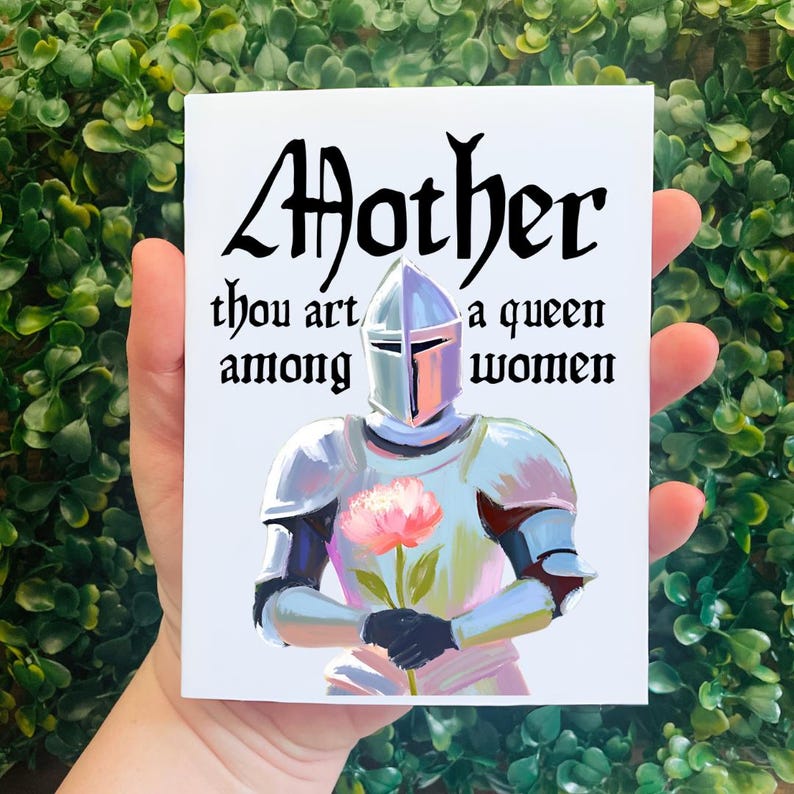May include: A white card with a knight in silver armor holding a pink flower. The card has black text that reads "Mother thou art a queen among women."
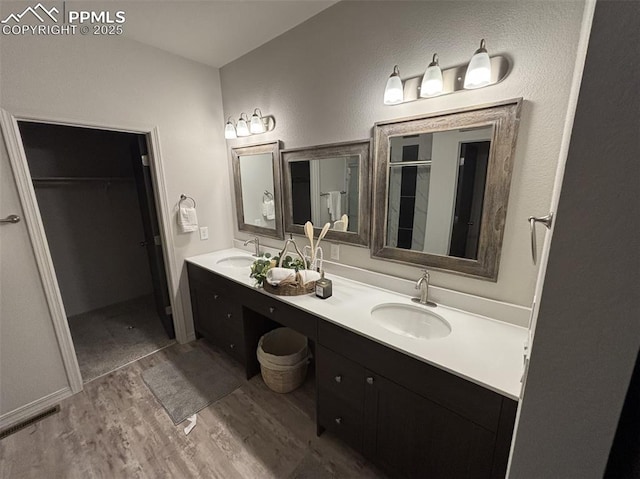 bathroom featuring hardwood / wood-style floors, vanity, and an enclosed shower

##########

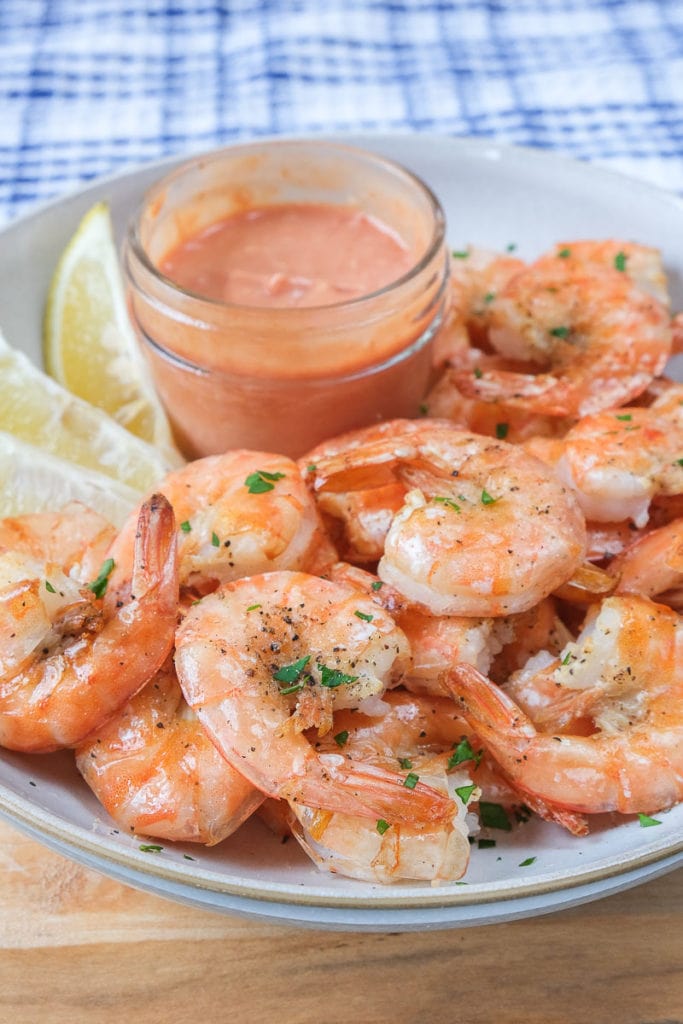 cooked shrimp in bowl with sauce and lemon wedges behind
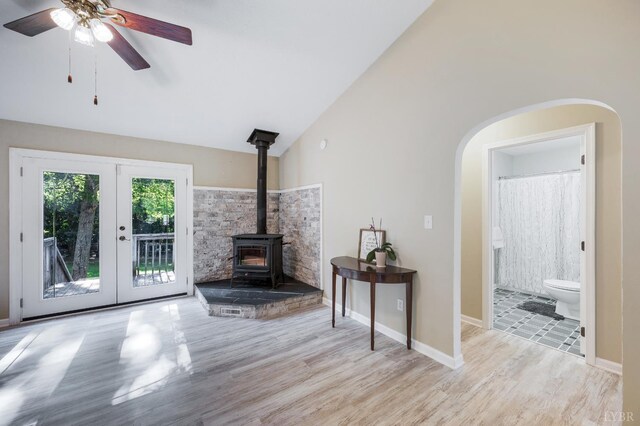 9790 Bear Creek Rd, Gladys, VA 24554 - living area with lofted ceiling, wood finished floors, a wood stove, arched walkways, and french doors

##########

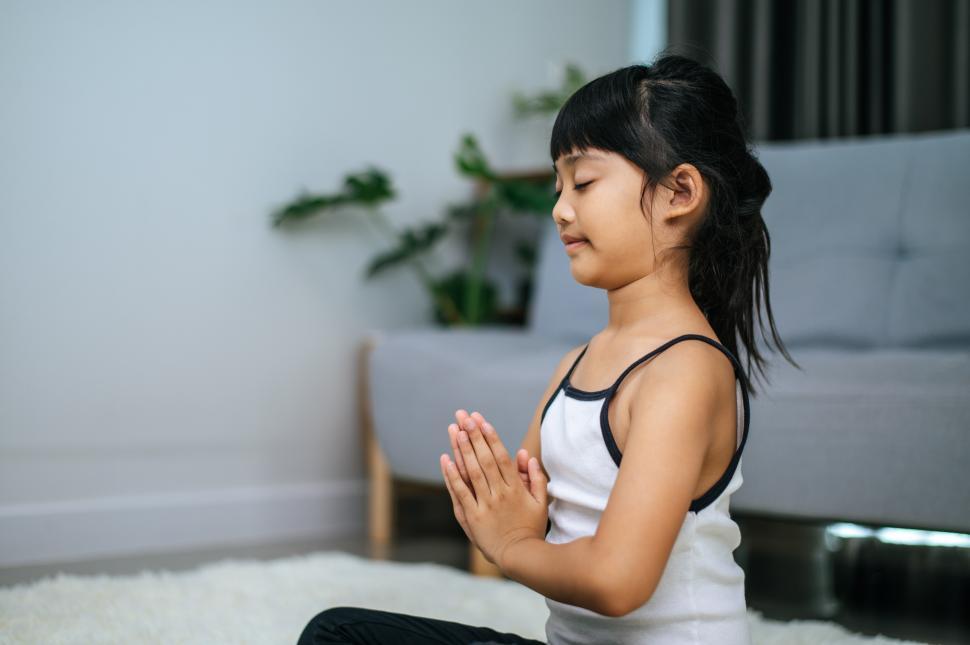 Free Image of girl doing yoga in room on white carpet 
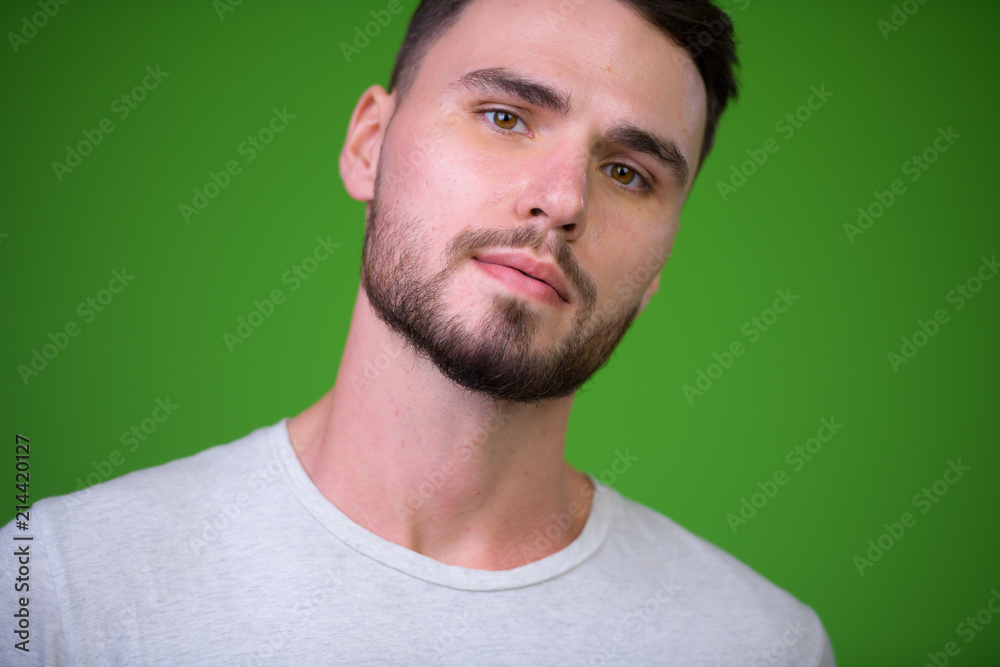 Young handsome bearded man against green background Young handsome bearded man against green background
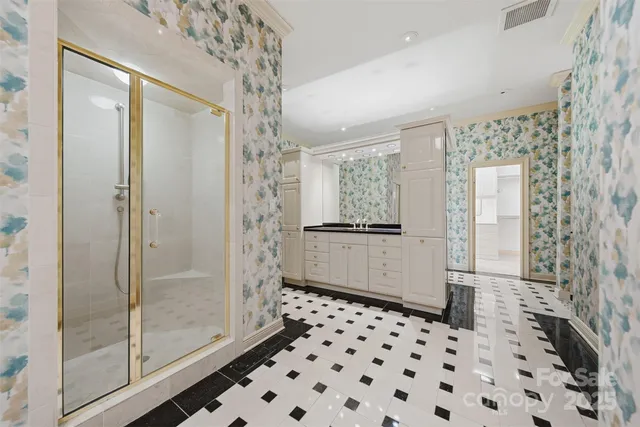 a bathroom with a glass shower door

##########

• **Exercise description**: Would you restate, exactly and with no pictures, the lines of the entries above from the one containing "May include: A" through the one containing "bathroom featuring hardwood"?

• **Completed task**:
May include: A white card with a knight in silver armor holding a pink flower. The card has black text that reads "Mother thou art a queen among women."
 bathroom featuring hardwood / wood-style floors, vanity, and an enclosed shower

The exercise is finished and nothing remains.